In [None]:
import os
import json
from dotenv import load_dotenv
from IPython.display import Markdown, display
from scraper import fetch_website_links, fetch_website_contents
from openai import OpenAI
import gradio as gr

In [None]:
load_dotenv()

# ===== API Setup =====
api_key1 = os.getenv("GROQ_API_KEY")
Groq_MODEL = "llama-3.1-8b-instant"

ollama_groq = OpenAI(
    api_key=api_key1,
    base_url="https://api.groq.com/openai/v1"
)


In [None]:
# ===== Link Selection Prompt =====
link_system_prompt = """
You are provided with a list of links found on a webpage.
You are able to decide which of the links would be most relevant to include in a brochure about the company,
such as links to an About page, or a Company page, or Careers/Jobs pages.
You should respond in JSON as in this example:

{
    "links": [
        {"type": "about page", "url": "https://full.url/goes/here/about"},
        {"type": "careers page", "url": "https://another.full.url/careers"}
    ]
}
"""

In [None]:
def get_links_user_prompt(url):
    links = fetch_website_links(url)
    user_prompt = f"""
Here is the list of links on the website {url} -
Please decide which of these are relevant web links for a chatbot so that it can answer any question. 
Respond in JSON format only.
Do not include Terms of Service, Privacy, or email links.

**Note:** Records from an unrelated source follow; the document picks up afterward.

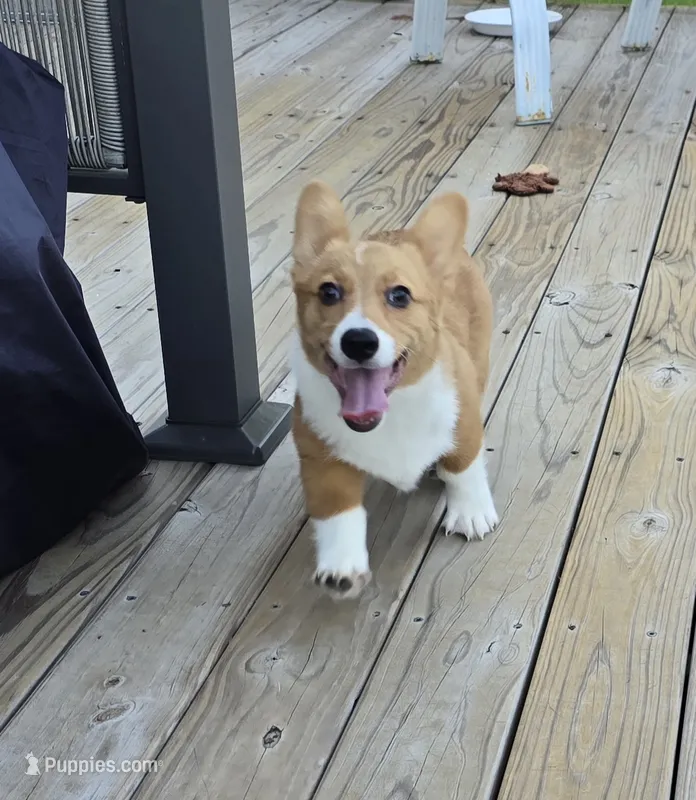 sadie – Pembroke Welsh Corgi puppy for sale in Donnellson, IA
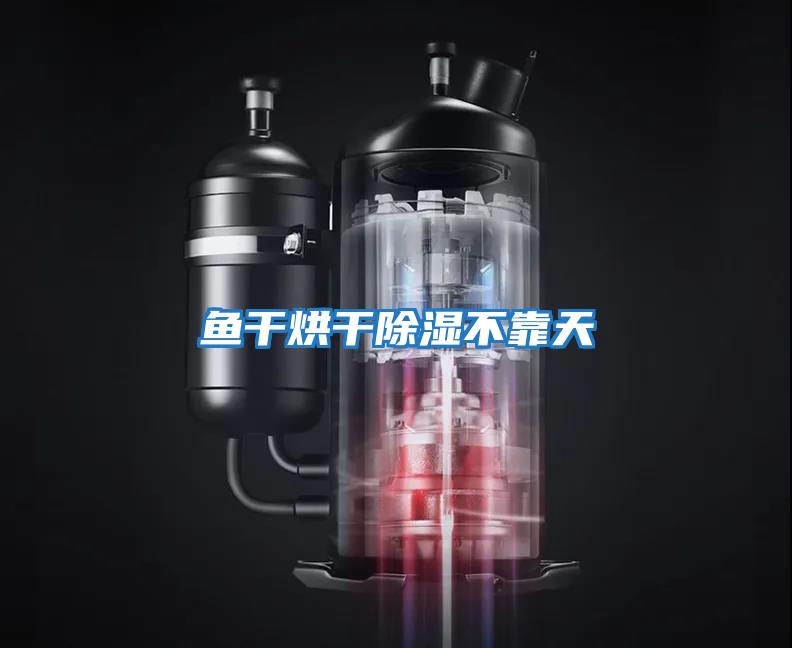 魚(yú)干烘干除濕不靠天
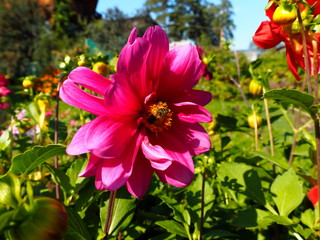 bright garden flower with a bee in the garden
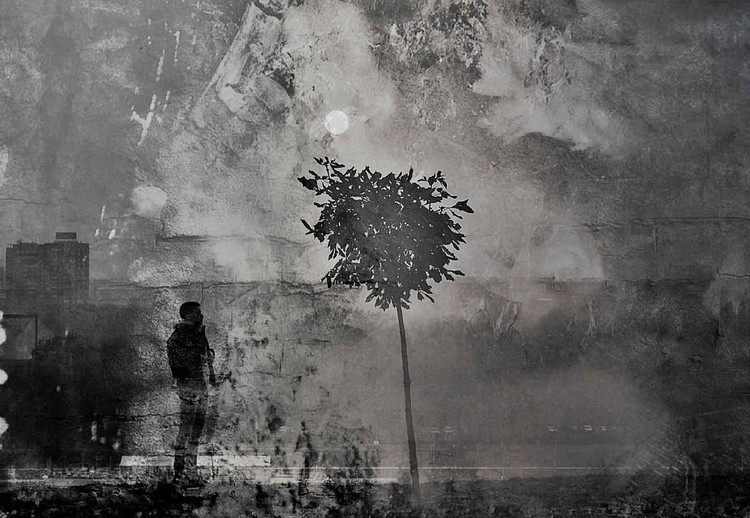 Fototapeta Splitting Shadows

Links (some might be relative):
"""
    user_prompt += "\n".join(links)
    return user_prompt

In [None]:
get_links_user_prompt("https://www.biman-airlines.com/")

In [None]:
def select_relevant_links(url):
    response = ollama_groq.chat.completions.create(
        model=Groq_MODEL,
        messages=[
            {"role": "system", "content": link_system_prompt},
            {"role": "user", "content": get_links_user_prompt(url)}
        ],
        response_format={"type": "json_object"}
    )
    result = response.choices[0].message.content
    links = json.loads(result)
    return links

In [None]:
select_relevant_links("https://www.biman-airlines.com/")

In [None]:
# ===== Fetch Page Contents + Relevant Links =====
def fetch_page_and_all_relevant_links(url):
    contents = fetch_website_contents(url)
    relevant_links = select_relevant_links(url)
    result = f"## Landing Page:\n\n{contents}\n\n## Relevant Links:\n"
    for link in relevant_links['links']:
        result += f"\n\n### Link: {link['type']}\n"
        result += fetch_website_contents(link["url"])
    return result

In [None]:
fetch_page_and_all_relevant_links("https://www.biman-airlines.com/")

In [None]:
def get_brochure_user_prompt(company_name, url):
    user_prompt = f"""
You are looking at a company called: {company_name}.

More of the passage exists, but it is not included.